Thirty decades in the past, Guns N’ Roses’ “November Rain” video clip crashed on to MTV’s airwaves like a Sunset Strip tsunami. Clocking in at 9 minutes and seventeen seconds, it was a sweeping epic contrary to any movie by a tricky rock band. It follows the story of a troubled rock star (correctly performed by Axl Rose), his girlfriend (played by Axl’s real-life flame Stephanie Seymour), and her mysterious suicide. To day, Guns N’ Roses’ magnum opus—which was the center in a audio video clip trilogy, bookended by “Don’t Cry” and “Estranged”—has racked up 1.8 billion views on YouTube.

As an 11-year-outdated, I was riveted by “November Rain” every time it played, which was typically. A few decades later on, one particular shot even now haunts me. In the movie, Axl marries Stephanie, and they host a decadent out of doors wedding reception. Then, the titular rain appears, drenching and ruining the celebration. Everybody heads for include. At the 7-minute mark, to avoid the downpour, 1 visitor, a extended-haired guy in a royal-blue blazer and khaki pants, launches himself like a human torpedo into a five-tier wedding day cake.

The initially time I observed the video, I turned to our babysitter—my mothers and fathers wouldn’t let us check out MTV, but the sitter would. “Why?” I asked. “Why didn’t that dude wander about the desk? Why did he jump via the cake?” Our sitter shrugged. “It may well be acid rain,” she said. I nodded, realizing that she was erroneous.

All these decades afterwards, I can’t shake the image of the cake jumper out of my head. In a online video that is so flawlessly executed—from Slash’s heroic, shirtless guitar solo in entrance of a chapel to Axl’s triumphant performance guiding the piano at the Orpheum Theatre in Los Angeles—the cake jumper feels like a instant of spontaneous chaos. Each time I see it, I just can’t aid but surprise: Was that prepared? How lots of can take did it get to get that shot? How many cakes? Who was the cake jumper?

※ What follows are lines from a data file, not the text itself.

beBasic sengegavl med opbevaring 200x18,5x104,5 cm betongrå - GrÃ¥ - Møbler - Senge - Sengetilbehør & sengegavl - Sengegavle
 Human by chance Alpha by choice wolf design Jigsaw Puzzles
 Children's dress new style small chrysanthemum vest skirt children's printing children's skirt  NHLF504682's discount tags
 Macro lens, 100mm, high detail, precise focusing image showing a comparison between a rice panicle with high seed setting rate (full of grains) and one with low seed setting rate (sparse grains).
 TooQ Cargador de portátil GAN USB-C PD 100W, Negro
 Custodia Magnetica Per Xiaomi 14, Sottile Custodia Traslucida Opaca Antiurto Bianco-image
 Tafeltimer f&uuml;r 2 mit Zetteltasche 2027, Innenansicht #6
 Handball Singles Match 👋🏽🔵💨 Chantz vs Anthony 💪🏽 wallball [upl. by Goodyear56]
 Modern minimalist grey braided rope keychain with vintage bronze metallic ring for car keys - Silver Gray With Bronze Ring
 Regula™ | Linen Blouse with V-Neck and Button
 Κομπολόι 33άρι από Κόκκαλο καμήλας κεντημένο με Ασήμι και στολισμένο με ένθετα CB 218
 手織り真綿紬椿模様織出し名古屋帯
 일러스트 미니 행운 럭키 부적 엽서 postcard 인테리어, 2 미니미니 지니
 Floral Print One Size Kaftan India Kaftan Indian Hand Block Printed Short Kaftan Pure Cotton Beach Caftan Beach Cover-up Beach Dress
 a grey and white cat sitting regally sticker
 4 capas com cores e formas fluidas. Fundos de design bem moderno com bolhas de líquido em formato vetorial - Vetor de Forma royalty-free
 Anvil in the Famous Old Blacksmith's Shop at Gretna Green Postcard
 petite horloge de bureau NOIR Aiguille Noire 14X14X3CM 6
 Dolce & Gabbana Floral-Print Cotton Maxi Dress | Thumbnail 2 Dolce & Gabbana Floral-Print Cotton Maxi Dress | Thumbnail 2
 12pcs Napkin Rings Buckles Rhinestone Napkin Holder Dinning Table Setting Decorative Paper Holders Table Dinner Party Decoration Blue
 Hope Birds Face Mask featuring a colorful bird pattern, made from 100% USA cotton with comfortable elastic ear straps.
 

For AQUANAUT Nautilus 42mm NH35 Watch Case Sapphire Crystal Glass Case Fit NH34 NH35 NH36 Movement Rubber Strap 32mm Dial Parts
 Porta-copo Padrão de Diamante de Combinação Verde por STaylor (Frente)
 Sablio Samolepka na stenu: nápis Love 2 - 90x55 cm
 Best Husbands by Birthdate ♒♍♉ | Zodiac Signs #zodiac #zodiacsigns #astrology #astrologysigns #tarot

Every single time I see “November Rain,” a new problem about that scene nags at me.

The first person I reached out to for responses was Andy Morahan, the director, who helmed some of the major videos in MTV record. He immediately responded, and declined to comment, declaring, “The techniques of the movie are secure with me.” I’d have to start off my quest for answers someplace else.  


If you Google “who jumped into the cake in ‘November Rain,’” the reply you’ll get is Riki Rachtman. From 1990-1995, Rachman hosted Headbanger’s Ball, a two-hour, late-night, steel-movie demonstrate on MTV. And he owned the Cathouse, a Hollywood nightclub that served as the headquarters for the large steel bands he showcased on tv. Guns N’ Roses have been regulars at Rachtman’s boîte and even filmed audio videos there. I named up Rachtman, now 56, at his house in Mooresville, North Carolina, to talk about his recollections of his time on the “November Rain” set. 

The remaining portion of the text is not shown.